Of course, it’s not that God fails. Rather, our hope is built upon something else, something that despair targets in order to erode both hope and charity, namely our faith. St. Thomas Aquinas explains that while charity is the greatest in the order of perfection, faith is the greatest in the order of generation. He means that faith is the beginning, just as its sacrament, baptism, is the beginning of our lives as children of God. When hope suffers erosion—when despair begins to cloud our hearts—we must return to this foundation upon which all is built: faith.


How? Faith is a firm belief that what God has revealed is true. It is because God will accomplish all that he promised that our hope isn’t mere wishful thinking. Everything in this world is subject to reversal, but not God. What he says, He will do. It doesn’t matter that we don’t feel this. When despair threatens, you feel depressed, you experience heartache, and you can lose all sense of purpose. But faith isn’t a feeling. We cannot rely on our feelings. Faith is a choice, a choice to believe and trust God even when you don’t feel it at all. Why? Because while your life descends into mortal or immortal chaos, God is still God. He continues to draw you toward that end for which he created you, namely to become a lover fit for himself. No matter what happens to us in this life—and many awful things can definitely happen—God still loves us. But his love is divine love, not mere mortal love. It’s a love that can place all on the altar of the supreme end he has in mind for us. Miraculous rescues from terrible situations seem to be rather rare—maybe we will find out otherwise on the other side. But in the midst of these terrors which threaten our hope and, with its loss, the possibility of our charity, God asks us to believe him.

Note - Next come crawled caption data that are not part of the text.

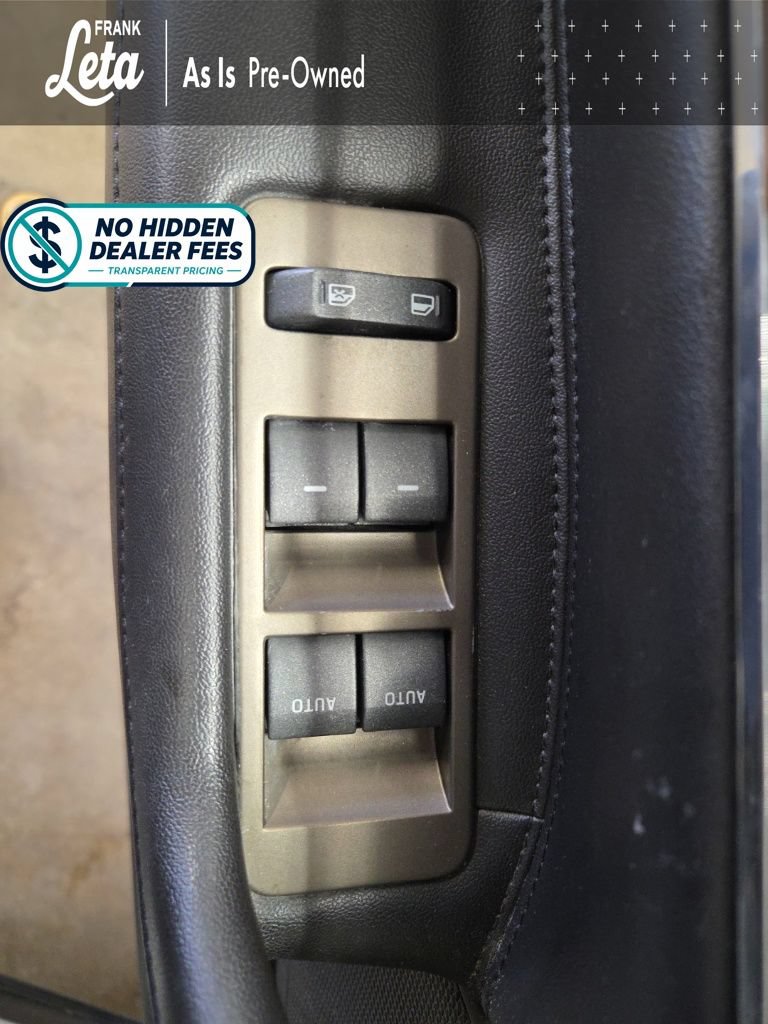 Used 2013 Lincoln MKX AWD image 23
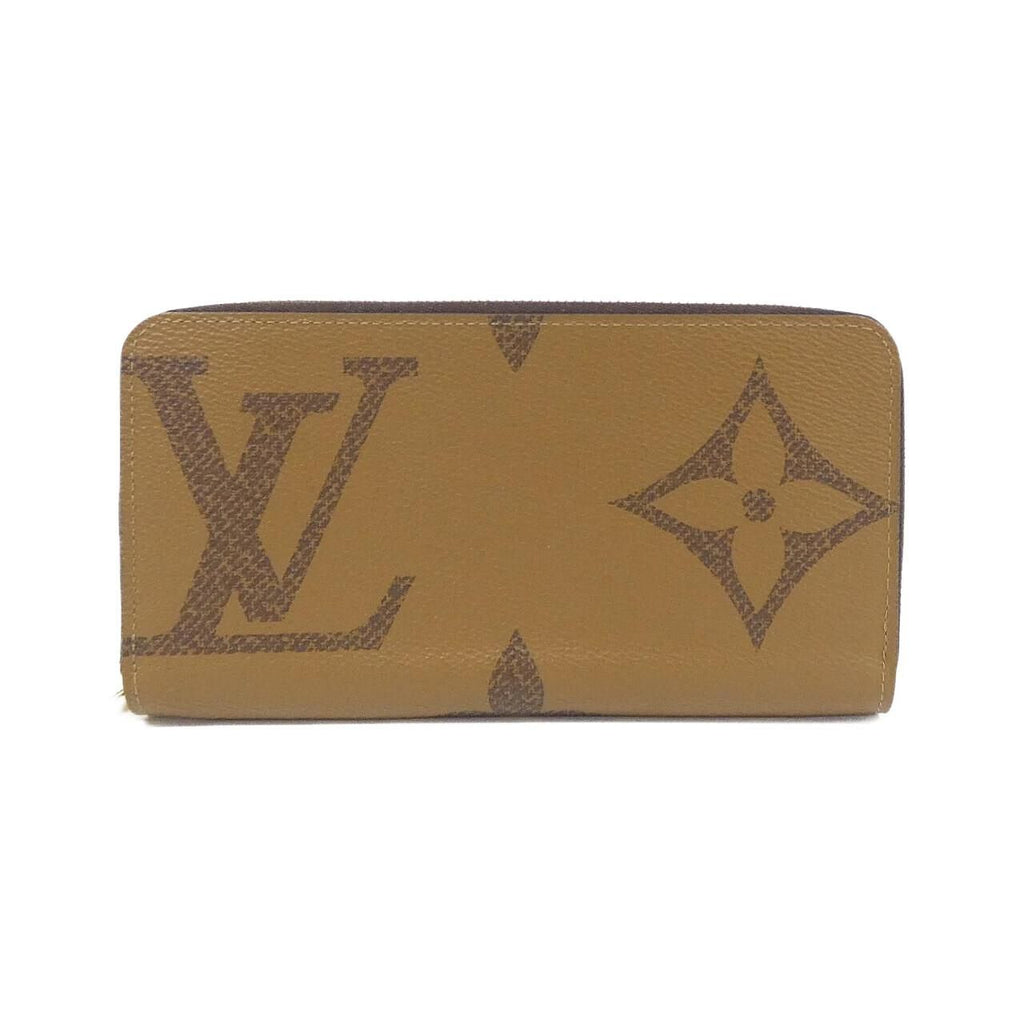 Louis Vuitton Monogram Giant Zippy Wallet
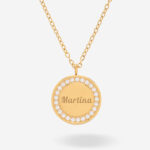 Collana Circolare con brillanti e testo personalizzato Miniatura di Collana Circolare con brillanti e testo personalizzato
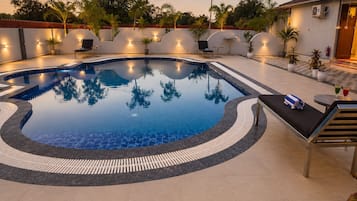 2 indoor pools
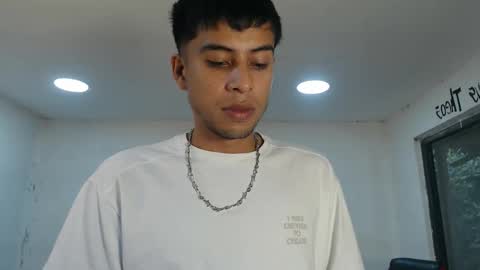 Snapshot of danielitopapii chatting on 11.09.25 danielitopapii online show from 11.09.25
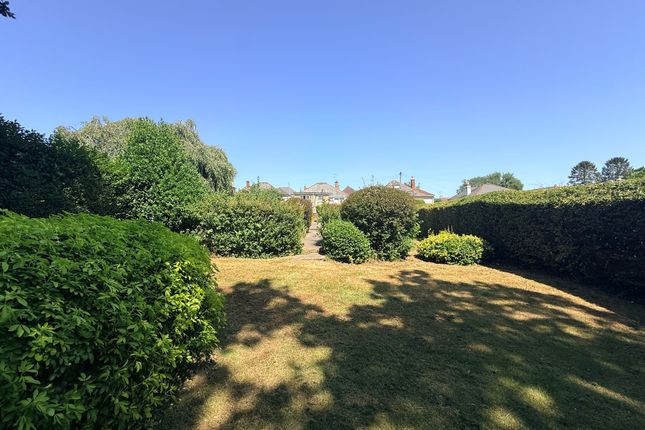 14 Beaconfield Road, Yeovil photo 2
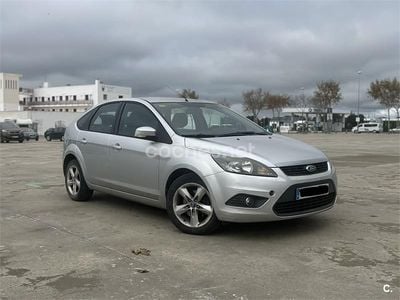 Gris / plata Usado 2009 Ford Focus Trend Berlina | 4500 € (Precio justo)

Here’s the truly incredible thing: nothing mortal nor immortal can pose a barrier to this choice. Our free will is indeed free. In the midst of horror, we can still stand up with Job and echo his words, “Though he slay me, yet will I trust in him.” God knows what he is doing. We do not. So, we must put our trust in the One who knows rather than in our desperation for escape or comfort. We must choose. We can choose. When that choice is made—to trust God through all—then hope is rekindled and despair ebbs. Mortal depression and grief will remain, because these are our natural reactions to the troubles in our lives. But only despair is the sin, because despair is the choice to reject hope in God by refusing faith in God.


With faith infused ever deeper in our character through trials in life, hope springs anew, and with it, charity. How else do we explain Jesus’ prayer in John 17? There he was in the garden struggling with the Passion so soon to engulf him. The other gospel writers record his anguish over that cup. But St. John records the other side of Jesus, what Jesus said once he accepted the cup, once he put his faith in God. Jesus prayed for his disciples and then for all those who would follow in their footsteps, i.e., you and me. Faith in God propelled Jesus through the agony toward a hope that directed him to charity. The writer of Hebrews says that it was for the sake of the joy set before him that Jesus endured that cross. It wasn’t a joy he experienced in the garden nor on the cross, but a joy that he believed in throughout his passion. That is faith.


So, never give up. You are never out of the fight, not while mortal breath still moves through your lungs. St. Paul tells us again and again to be watchful, to wake up, to stand alert, to ready ourselves because the war between good and evil can reappear with frightening intensity at any moment. We mustn’t quit. It’s not an option for a soldier. The battle is over when God says it is, when you are dead. And you aren’t dead. Until then, you fight.